Mutuals are fighting back

The tide may be turning against carpet-baggers as societies woo new customers, says Dan Gledhill

It used to be said there was no such thing as a free lunch, but the wave of demutualisations in the past few years has put paid to that idea. Thousands of investors, who carpet-bagged conversion after conversion, have gorged themselves on the fruits of their windfalls. All they had to do was deposit as little as pounds 100 with the relevant mutual society and wait for the thousands to roll in. And anyone hungry for yet another course has the likely demutualisation of the Bradford & Bingley - among others - to look forward to.

But this gratis greedfest has left a bitter taste in the mouth and now the leftovers of the mutual sector are fighting back. Some customers of converted building societies, such as the Halifax and Abbey National, complain they are being penalised by the need of their banks to satisfy greedy shareholders. Many have voted with their feet by pocketing their windfalls and promptly taking their business back to remaining mutuals like the Nationwide and Britannia.

Elsewhere, the head of the John Lewis Partnership has mounted a spirited defence of the department store group's mutual status in the face of workers baying for pounds 100,000 windfalls that demutualisation could bring. Could it be that the AA, which last week was sold to Centrica, will go down as the last great demutualisation?

The evidence is strong that, in spite of all the defections, the mutual sector is in rude health. That was the conclusion of Charles Leadbeater and Ian Christie, members of the left-wing think-tank Demos, who recently published a book called To Our Mutual Advantage. They estimated that organisations owned by their members had a combined annual turnover of pounds 25bn and employed 250,000 people. The sector encompasses activities as diverse as child care and Neighbourhood Watch, but it is in the arena of building societies where the arguments for and against mutuality have been propounded.

It is a debate where the pro-demutualisers have held sway. Since 1989, when Abbey National set the ball rolling, a series of building societies have surrendered their mutual status. Those 10 years have provided ample opportunity for the benefits of demutualisation to be identified, but the signs point the other way. Figures from the Building Societies Association suggest mutuals are increasing their share of mortgage lending.

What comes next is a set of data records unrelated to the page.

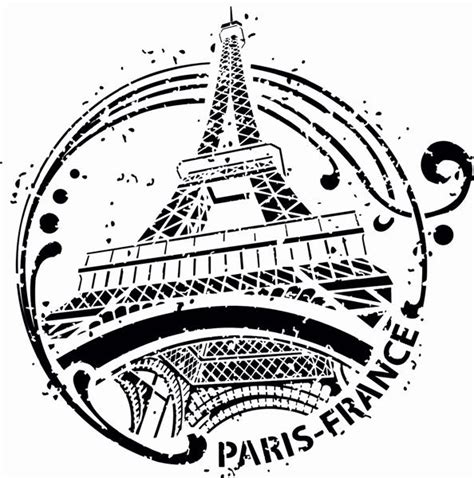 Pochoir Tour Eiffel Paris France En Plastique Réutilisable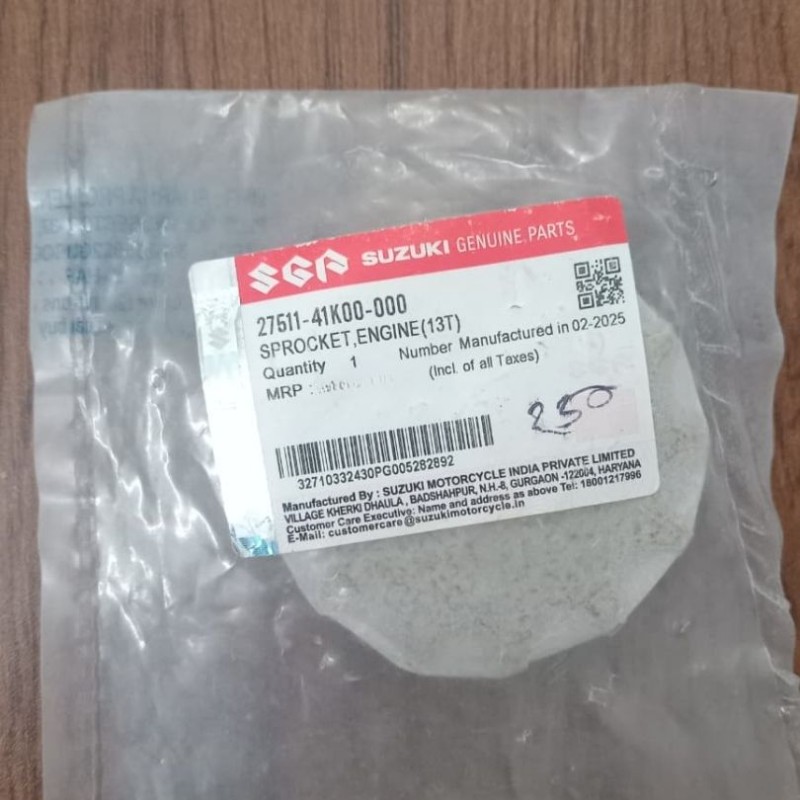 Chain Sprocket Full Set Gixxer 250 CC / Gixxer SF 250 CC image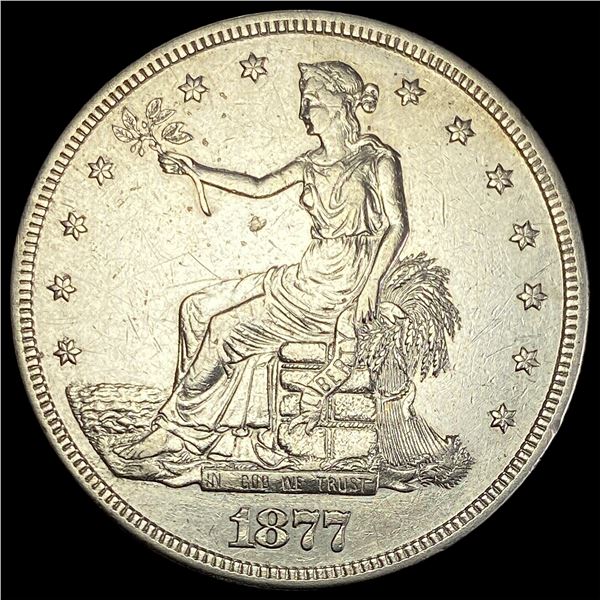 1877-S Silver Trade Dollar CLOSELY UNCIRCULATED
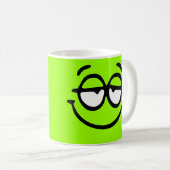 Emoticon-kundengerechte Hintergrund-Tasse Kaffeetasse (VorderseiteRechts)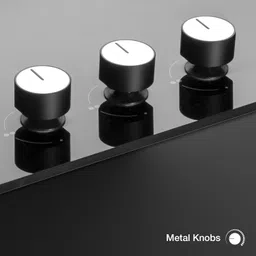 KAFF 3 Burners Built-in Hob/Hobtop For Modular kitchen -8 MM|Auto Electric Ignition Glass Top| Tornado Style Burner, Enamelled Matt Finish, Easy Grip Knobs, Toughened Glass (Black,60CM) image 5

David Holmes, a spokesman for the mutual Yorkshire building society, says: "We decided demutualisation would mean mortgage rates going up and savings rates going down because when you float you have to pay out pounds 35 in every pounds 100 in dividends."

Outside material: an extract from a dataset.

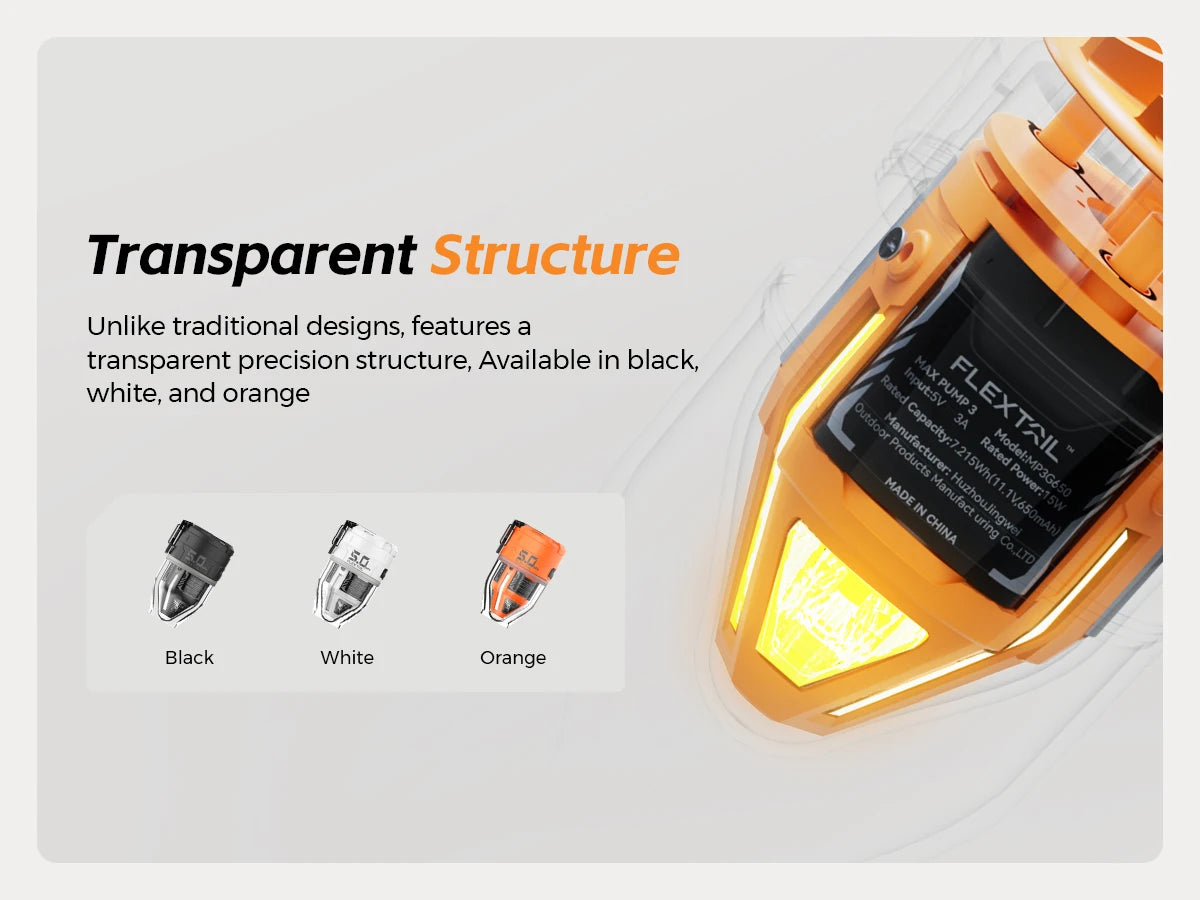 FLEXTAIL MAX PUMP 3 Electric Air Pump for Camping Gear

Brian Davis, chief executive of the Nationwide building society, says: "We're picking up a lot of business because we can offer lower prices, but there's more to it than that. Our motivation is not to be money-grabbing. Unlike plcs, we don't get patted on the back by shareholders if we make more money."

It is not an argument which the convertors would accept but the mutuals are eager to ram it home. On Friday, the Nationwide threatened to sue Barclays unless it rescinded a plan to charge the customers of other banks pounds 1 for using Barclays cash machines. Nationwide was fighting this cause for its members, the mutual proclaimed, unlike Barclays which only cares about shareholders.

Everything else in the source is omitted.